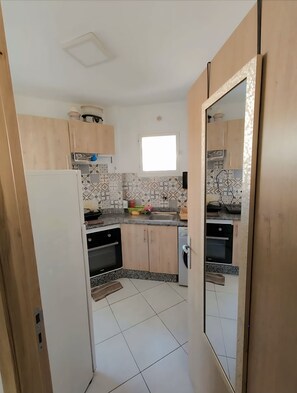 Microwave, oven, stovetop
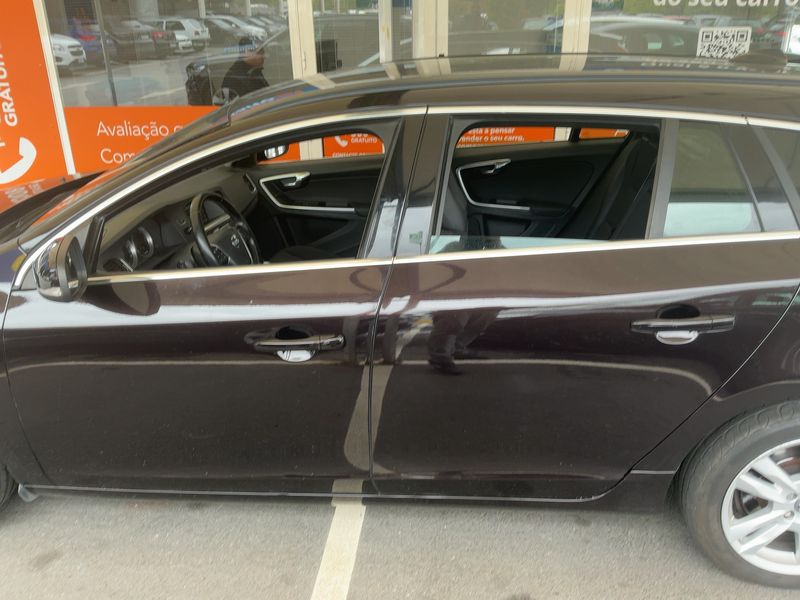 Volvo V60 1.6 D Kinetic 2012 – снимка 4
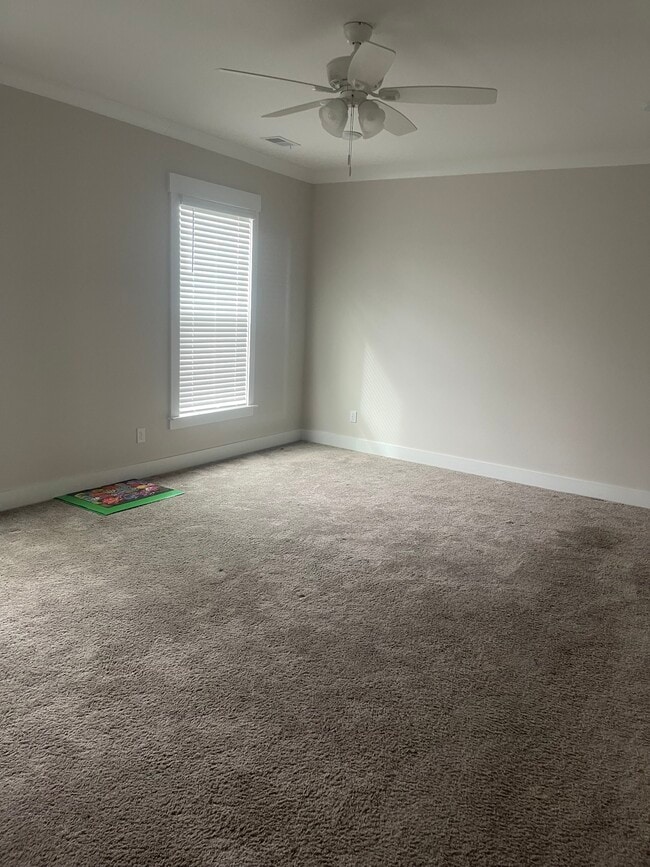 Photo - 143 Westfield Dr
• • • •
Problem to solve>
Could you return the entire listing above verbatim while dropping each picture?

Solution below>
 Microwave, oven, stovetop
 Volvo V60 1.6 D Kinetic 2012 – снимка 4
 Photo - 143 Westfield Dr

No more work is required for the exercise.